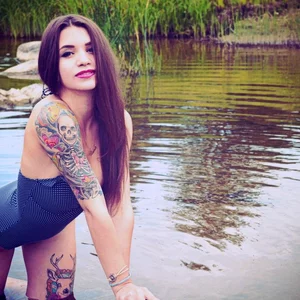 Irina Tsobolova's photo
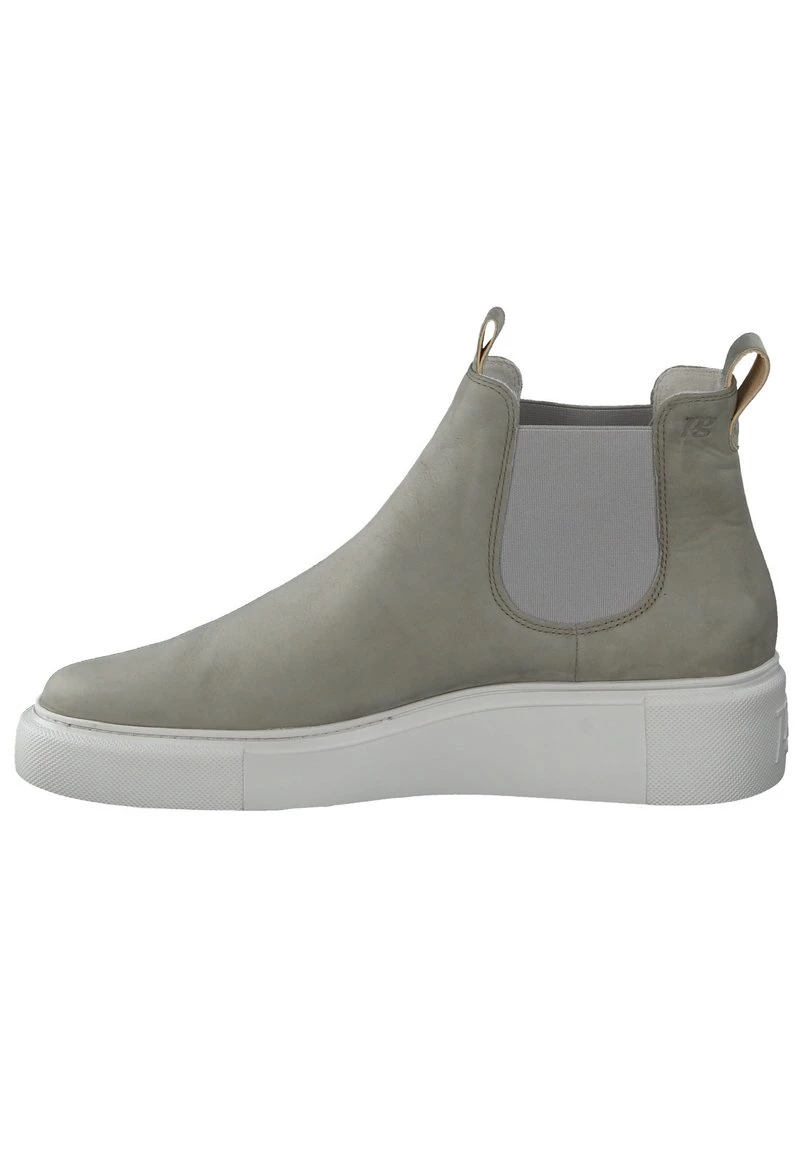 Paul Green Donna Tronchetti - Royal Nubuk Herb 3 Paul Green Donna Tronchetti - Royal Nubuk Herb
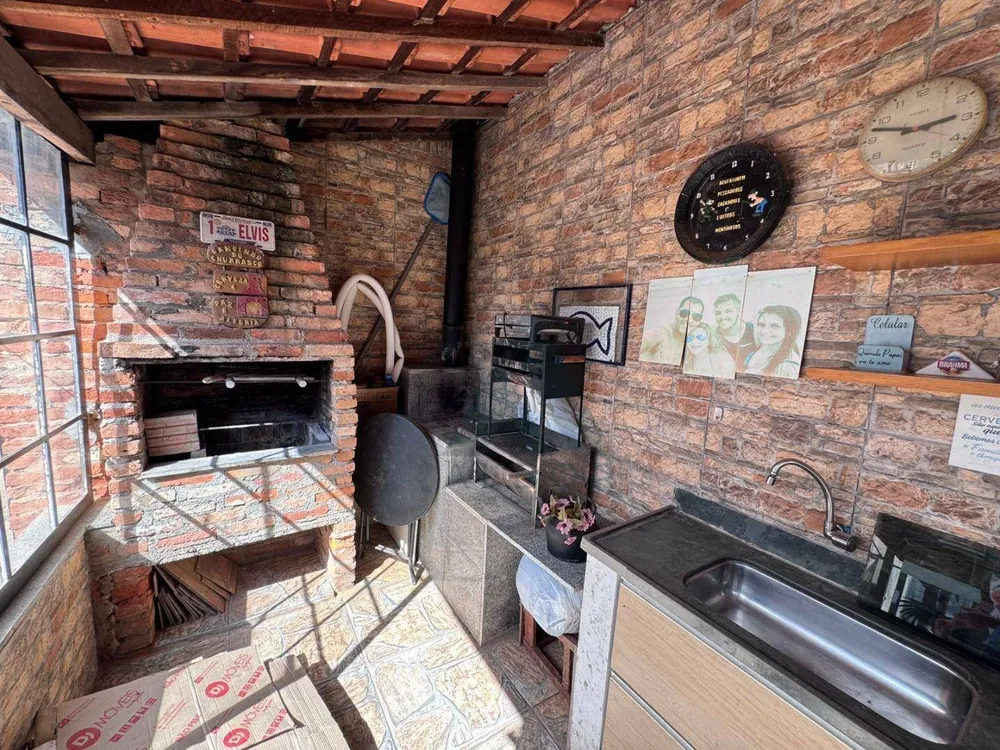 Casa, 1 quarto, 89 m² - Foto 8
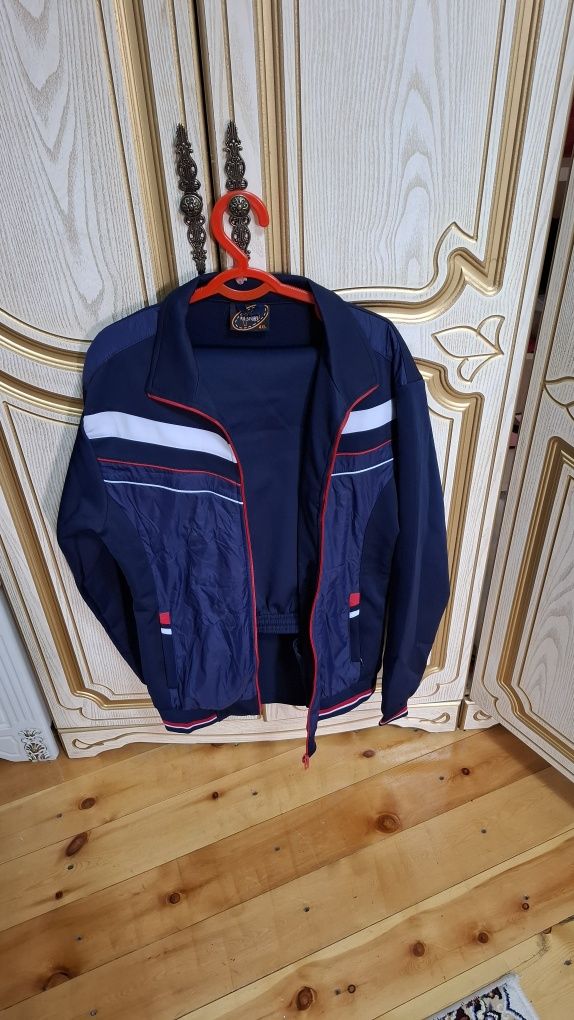 Dvoyka sportivka yengi kiyilmagan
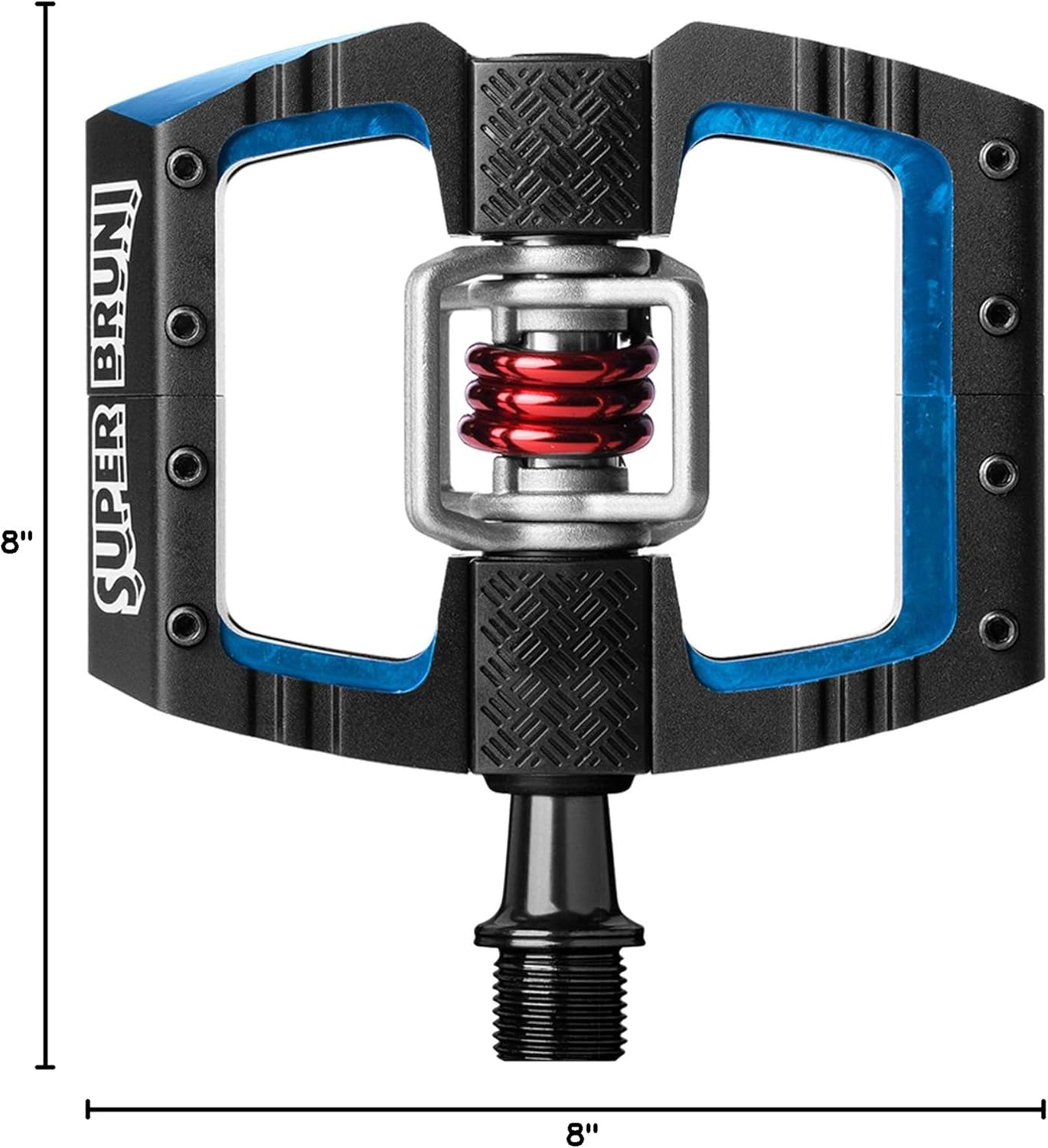 Crankbrothers Mallet MTB Bike Pedal
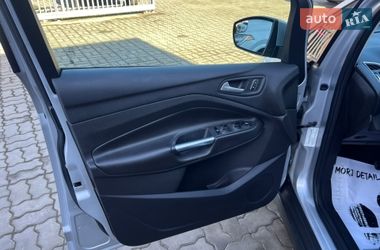 Мінівен Ford C-Max 2013 в Нововолинську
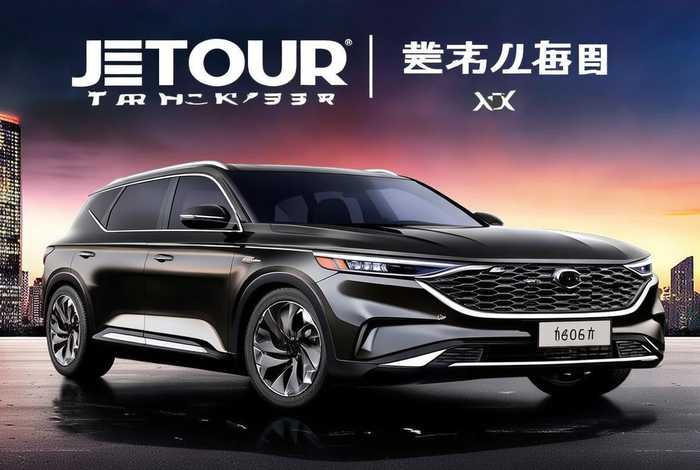 捷途旅行者2025款落地价 - 捷途旅行者2025款落地价图片及价格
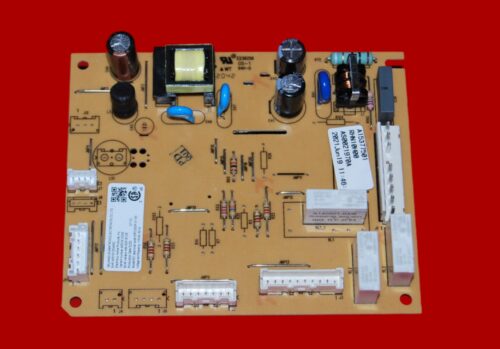 Part # A05191203 | Frigidaire Refrigerator Control Board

What you need to do: Begin at the line containing "Мінівен Ford C-Max 2013 в Нововолинську" and transcribe exactly every line through the end of the records, both ends included, leaving the pictures out.

Final answer:
 Мінівен Ford C-Max 2013 в Нововолинську
 捷途旅行者2025款落地价 - 捷途旅行者2025款落地价图片及价格
 Part # A05191203 | Frigidaire Refrigerator Control Board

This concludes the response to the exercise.